ARSA Prevails: FAA Must Show Cause in Drug Test Case
The United States Court of Appeals for the District of Columbia Circuit has sided with the Aeronautical Repair Station Association (Arsa) against the FAA as reported last week. In accordance with Arsa’s request in a writ of mandamus, the court ordered the FAA to explain why it should not grant Arsa’s request to force the agency to comply with the court’s mandate to perform a final regulatory flexibility analysis (FRFA) of its 2006 drug and alcohol rules. The FAA must respond to the court by 4 p.m. tomorrow (March 10, 2011).
“It is extremely troubling that it takes courts to ensure the government follows its own mandates. If the final analysis is as problematic as the initial product of the agency, the association will again be forced to remind the agency of its responsibilities,” Arsa executive director Sarah MacLeod told AIN. “Neither the association nor the industry made the rules but we sure are required to follow them; therefore, we will continue to demand the same compliance from the government agency.”
If the FAA fails to show cause, the agency will have until May 23, 2011, to complete the analysis. The court order would also stay the rules for testing of subcontractor employees who perform safety-related functions at any tier while the FAA carries out the review.

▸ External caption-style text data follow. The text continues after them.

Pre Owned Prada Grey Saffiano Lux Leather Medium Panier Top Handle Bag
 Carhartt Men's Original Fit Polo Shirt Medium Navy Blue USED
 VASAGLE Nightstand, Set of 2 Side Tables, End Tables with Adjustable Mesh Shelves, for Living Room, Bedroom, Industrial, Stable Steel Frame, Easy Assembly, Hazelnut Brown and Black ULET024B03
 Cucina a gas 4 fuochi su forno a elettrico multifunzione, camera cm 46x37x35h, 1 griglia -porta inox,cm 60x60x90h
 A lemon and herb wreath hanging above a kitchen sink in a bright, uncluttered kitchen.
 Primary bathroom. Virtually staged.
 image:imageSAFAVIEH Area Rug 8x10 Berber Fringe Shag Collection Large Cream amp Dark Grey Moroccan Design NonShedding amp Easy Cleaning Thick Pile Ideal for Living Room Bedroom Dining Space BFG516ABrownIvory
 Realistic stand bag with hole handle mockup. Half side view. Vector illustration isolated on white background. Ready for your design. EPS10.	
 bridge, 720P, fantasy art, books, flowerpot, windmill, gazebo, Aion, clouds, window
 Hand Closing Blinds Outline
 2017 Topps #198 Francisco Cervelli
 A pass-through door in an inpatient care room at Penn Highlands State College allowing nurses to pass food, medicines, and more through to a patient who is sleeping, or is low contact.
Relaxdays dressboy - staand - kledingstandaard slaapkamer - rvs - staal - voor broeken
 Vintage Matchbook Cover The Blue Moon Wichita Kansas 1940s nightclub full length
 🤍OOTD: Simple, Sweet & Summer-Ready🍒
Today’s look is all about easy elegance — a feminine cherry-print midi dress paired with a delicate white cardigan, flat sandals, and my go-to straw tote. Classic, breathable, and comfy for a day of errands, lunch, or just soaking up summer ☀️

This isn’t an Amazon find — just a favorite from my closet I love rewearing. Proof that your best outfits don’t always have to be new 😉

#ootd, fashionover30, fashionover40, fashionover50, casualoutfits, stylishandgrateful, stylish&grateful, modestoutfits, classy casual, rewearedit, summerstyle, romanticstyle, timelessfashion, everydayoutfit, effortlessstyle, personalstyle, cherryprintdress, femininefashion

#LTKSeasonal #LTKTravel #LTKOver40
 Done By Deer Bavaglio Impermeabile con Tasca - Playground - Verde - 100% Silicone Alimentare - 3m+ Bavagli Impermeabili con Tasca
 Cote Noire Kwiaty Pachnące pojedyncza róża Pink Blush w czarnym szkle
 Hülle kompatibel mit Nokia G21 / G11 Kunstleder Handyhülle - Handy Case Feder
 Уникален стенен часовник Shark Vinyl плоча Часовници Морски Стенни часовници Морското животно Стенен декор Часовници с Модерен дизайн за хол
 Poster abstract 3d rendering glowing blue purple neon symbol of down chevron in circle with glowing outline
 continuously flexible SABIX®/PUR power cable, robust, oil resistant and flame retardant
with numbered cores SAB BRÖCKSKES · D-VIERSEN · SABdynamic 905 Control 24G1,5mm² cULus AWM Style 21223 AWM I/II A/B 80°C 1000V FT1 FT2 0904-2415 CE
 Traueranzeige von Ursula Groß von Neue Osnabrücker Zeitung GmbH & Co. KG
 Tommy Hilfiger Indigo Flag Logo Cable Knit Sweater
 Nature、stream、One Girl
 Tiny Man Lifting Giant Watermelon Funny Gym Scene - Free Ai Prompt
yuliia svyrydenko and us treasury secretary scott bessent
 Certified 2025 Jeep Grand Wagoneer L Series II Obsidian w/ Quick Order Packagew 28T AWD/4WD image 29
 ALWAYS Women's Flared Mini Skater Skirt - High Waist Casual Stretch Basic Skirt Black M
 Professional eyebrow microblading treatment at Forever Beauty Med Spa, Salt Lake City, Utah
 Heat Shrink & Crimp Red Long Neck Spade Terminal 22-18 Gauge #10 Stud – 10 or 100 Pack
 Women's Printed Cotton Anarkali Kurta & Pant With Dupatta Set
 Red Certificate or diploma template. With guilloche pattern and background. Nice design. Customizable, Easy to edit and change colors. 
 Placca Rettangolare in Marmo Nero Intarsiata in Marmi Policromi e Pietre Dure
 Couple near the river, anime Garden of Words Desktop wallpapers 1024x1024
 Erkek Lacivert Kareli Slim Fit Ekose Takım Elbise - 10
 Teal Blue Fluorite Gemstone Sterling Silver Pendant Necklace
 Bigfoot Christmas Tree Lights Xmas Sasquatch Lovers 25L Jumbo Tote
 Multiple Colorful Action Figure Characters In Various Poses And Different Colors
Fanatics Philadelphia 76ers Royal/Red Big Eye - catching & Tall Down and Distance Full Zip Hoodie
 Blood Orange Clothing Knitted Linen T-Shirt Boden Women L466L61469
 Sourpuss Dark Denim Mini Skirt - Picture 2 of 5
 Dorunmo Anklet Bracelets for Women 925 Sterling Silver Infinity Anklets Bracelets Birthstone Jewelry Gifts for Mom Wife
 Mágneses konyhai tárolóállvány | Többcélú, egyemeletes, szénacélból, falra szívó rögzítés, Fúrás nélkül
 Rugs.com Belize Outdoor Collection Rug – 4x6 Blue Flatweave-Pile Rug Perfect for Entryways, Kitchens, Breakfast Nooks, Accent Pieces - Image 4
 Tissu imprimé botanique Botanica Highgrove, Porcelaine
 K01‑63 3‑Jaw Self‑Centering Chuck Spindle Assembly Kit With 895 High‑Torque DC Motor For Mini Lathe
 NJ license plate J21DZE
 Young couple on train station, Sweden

In the underlying case, the court found that the FAA failed to perform a required FRFA to determine the small business impact of its drug and alcohol testing rules. The court sided with Arsa and determined that the rules would pose a substantial burden on many small businesses; the association estimates that the FAA failed to account for as many as 22,000 small businesses.
Despite the court’s decision, the FAA ignored the mandate for more than three years. As a result, Arsa filed a formal request with the court to compel the FAA to fulfill its legal obligation.
“This is a major victory for small business and establishes that the Regulatory Flexibility Act can have teeth,” said MacLeod. “Today’s ruling shows that agencies cannot [flout] the law without consequence.”